Abstract
“A Beehive of Activity”: Labor and Leisure in Hashemite Baghdad, 1921 - 1958
This paper seeks to explore how physical education and outdoor activities conditioned the social production of space in Hashemite Baghdad. It contends that playing sports, working outdoors, and enjoying the city’s natural beauty were important ways in which Baghdadis enabled and otherwise participated in the city’s transformation from a city still bounded by its medieval walls in 1921 to a sprawling web of diverse neighborhoods on both sides of the Tigris in 1958. It draws on Baghdadis’ memoirs alongside medical and pedagogical writings about physical fitness and acculturation (Ar. tathqif) to determine how labor and leisure figured into the construction and inhabiting of new neighborhoods.

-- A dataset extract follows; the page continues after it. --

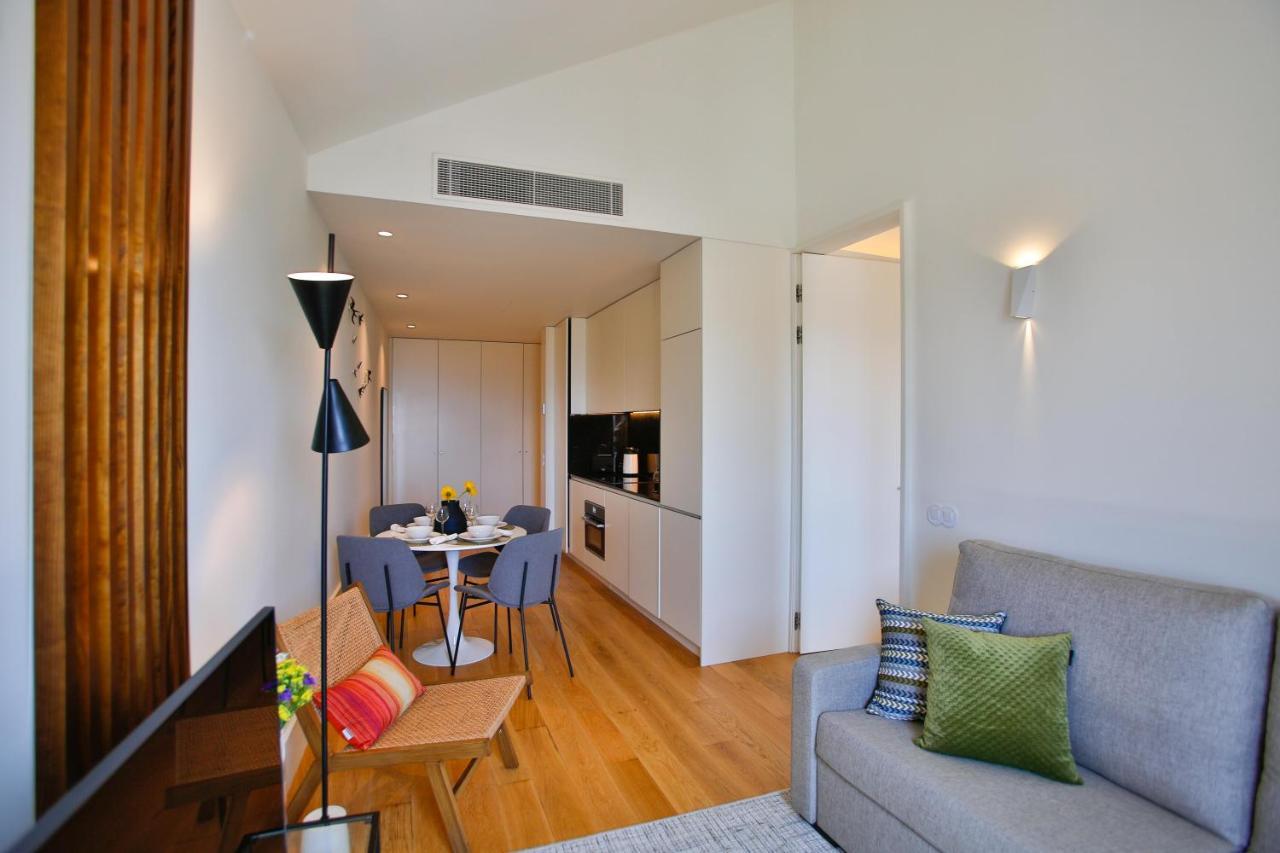 4City Flat Camarao ポルト エクステリア 写真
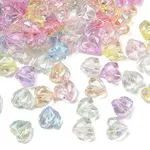 UV Plating Transparent Acrylic Beads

The point in using physical education and outdoor activities to talk about urban development is to expose the limitations of the top-down, national development framework through which the city’s growth was understood by international experts and the Iraqi Development Board. The Board tended to adopt the experts’ plans for urban development, and with these plans went a conceptualization of labor that originated in large part outside of the Iraqi context. The Board only came into existence during the last decade of Hashemite rule, but repeatedly staked claims in its annual reports to the prior thirty years’ of urban growth for the Hashemite monarchy. Its language of rational design principles and modern construction techniques obscured the fact that Baghdadis had built their own city and would continue to do so as demographic changes necessitated. Reading physical education and outdoor activities as part of a separate genealogy of labor in Hashemite Baghdad challenges this narrative of top-down developmentalism, through which the Hashemite period is commonly read.